The challenge
Five executives had just been given control of a roughly $1 billion fiscal mandate. Each had come up through one of four previously competitive branches of the agency — branches that had spent years working against one another for budget and influence. Now those old rivals were supposed to lead together.
They were also fully virtual — one executive in each U.S. time zone — and had never operated as a single unit. Trust was non-existent. Communication was poor. And the long-standing beliefs each leader carried about "the other branches" colored every interaction. On paper they were a team. In practice they were four old factions and a title.
The approach
A single offsite at a neutral resort would have papered over the problem. Instead, we designed a series of retreats — one in each executive's time zone. Meeting on each leader's home ground did something a neutral location never could: it dismantled the us-versus-them frame one branch at a time, and asked each executive to host, rather than defend.
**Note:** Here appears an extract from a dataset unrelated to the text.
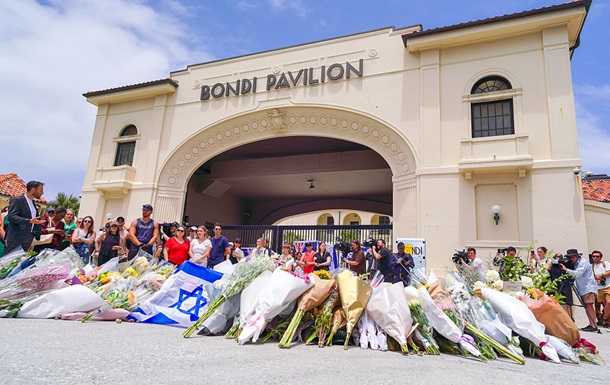 Сіднейському стрільцю висунули майже 60 обвинувачень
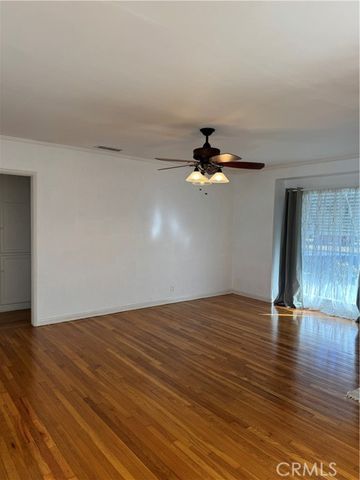 5729 E Wardlow Road, Long Beach, CA 90808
Across the series we built trust in stages, established shared communication strategies the virtual team could actually sustain, and deliberately surfaced and diffused the legacy beliefs that kept the branches apart. The function was clear from the start: turn five rivals into one executive leadership team the entire Fiscal Branch could follow.
"On paper they were a team. The work was turning four old factions into one — branch by branch, time zone by time zone."
The result
The five became a genuine executive leadership team — aligned enough to set direction the rest of the Fiscal Branch could follow with confidence. Trust and communication, all but absent at the start, became the team's operating foundation rather than its liability.
The clearest proof was what the agency did next: it awarded us the contract to deliver the same work for the next two layers of the organization. The strongest endorsement isn't a quote — it's a client expanding the engagement.
Client identity and personnel anonymized at the organization's request. Engagement details shared with permission.